**WHAT IS EXPECTED**
Apart from the pictures, every entry must be retyped exactly.

**SOURCE MATERIAL**
>>>>
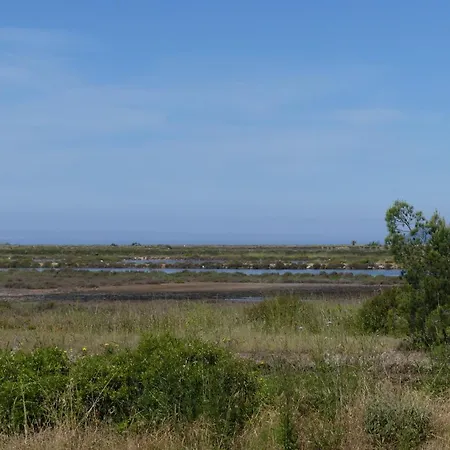 Apartment Flamant Rose - Climatise Avec Terrasse, A 150 M
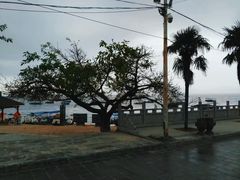 -抚仙湖禄充风景区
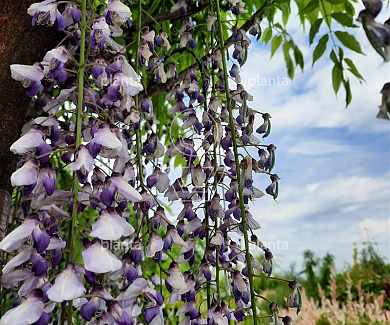 halfstamboom, stamomtrek 12-14 cm, in pot
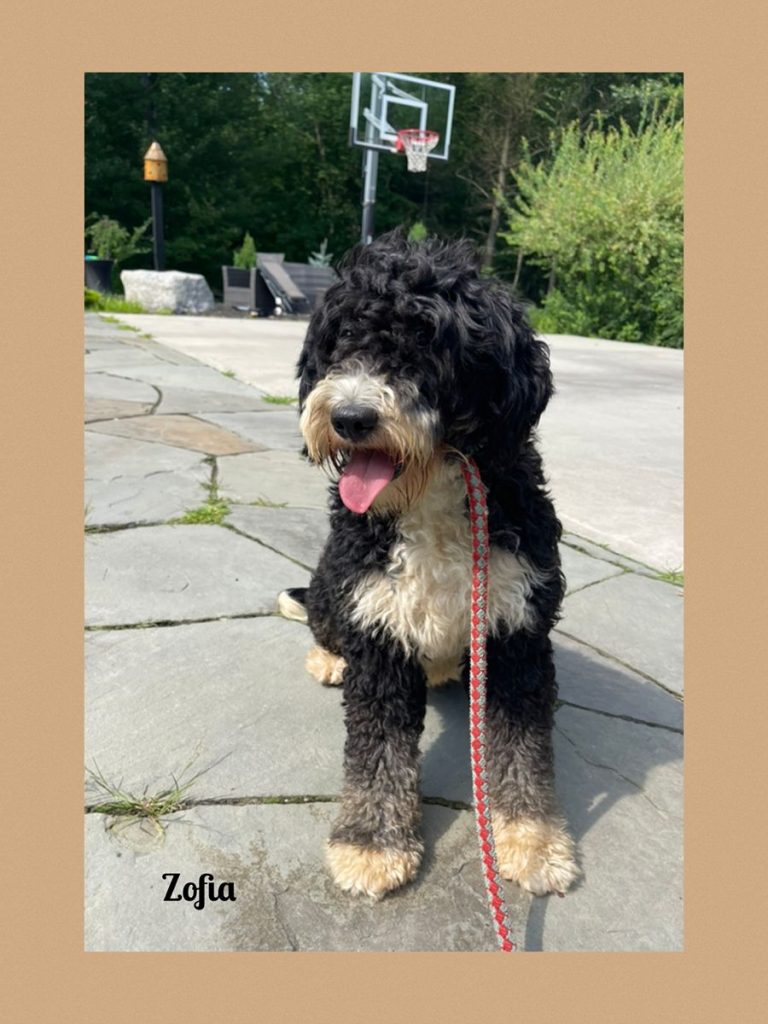 sterling dog moms 010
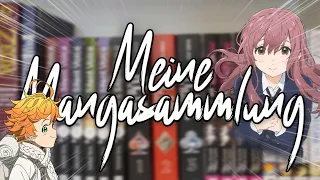 Meine komplette Mangasammlung!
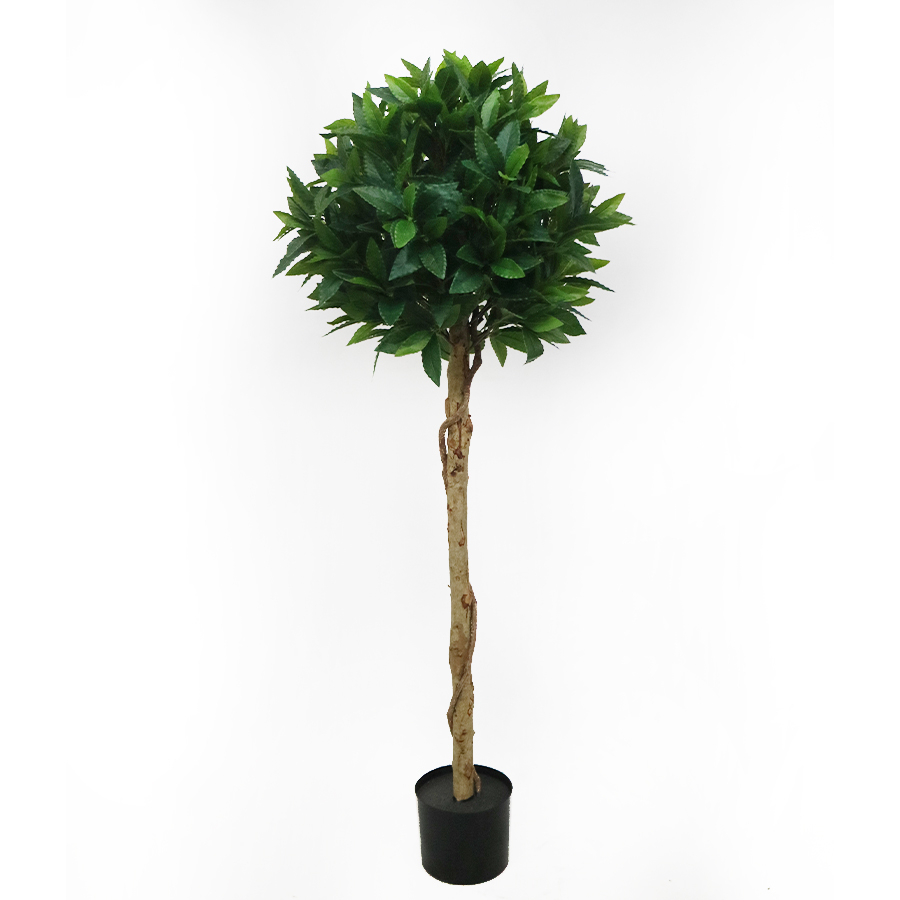 120cm bay laurel tree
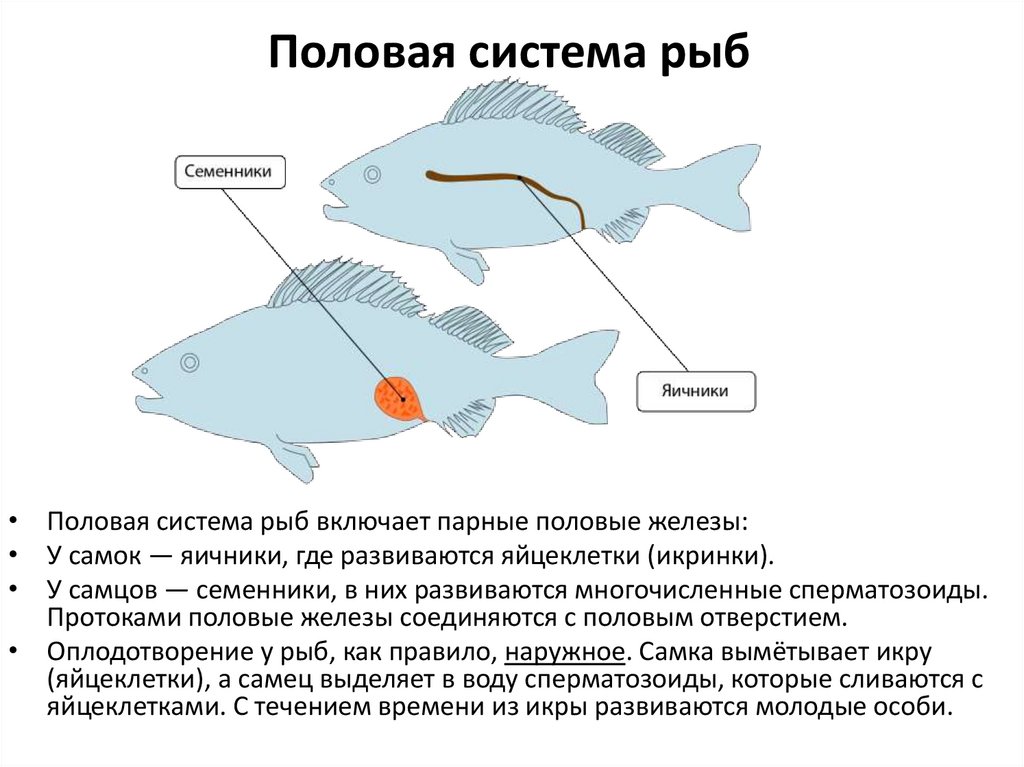 Половая система рыб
<<<<
**WRITTEN ANSWER**
 Apartment Flamant Rose - Climatise Avec Terrasse, A 150 M
 -抚仙湖禄充风景区
 halfstamboom, stamomtrek 12-14 cm, in pot
 sterling dog moms 010
 Meine komplette Mangasammlung!
 120cm bay laurel tree
 Половая система рыб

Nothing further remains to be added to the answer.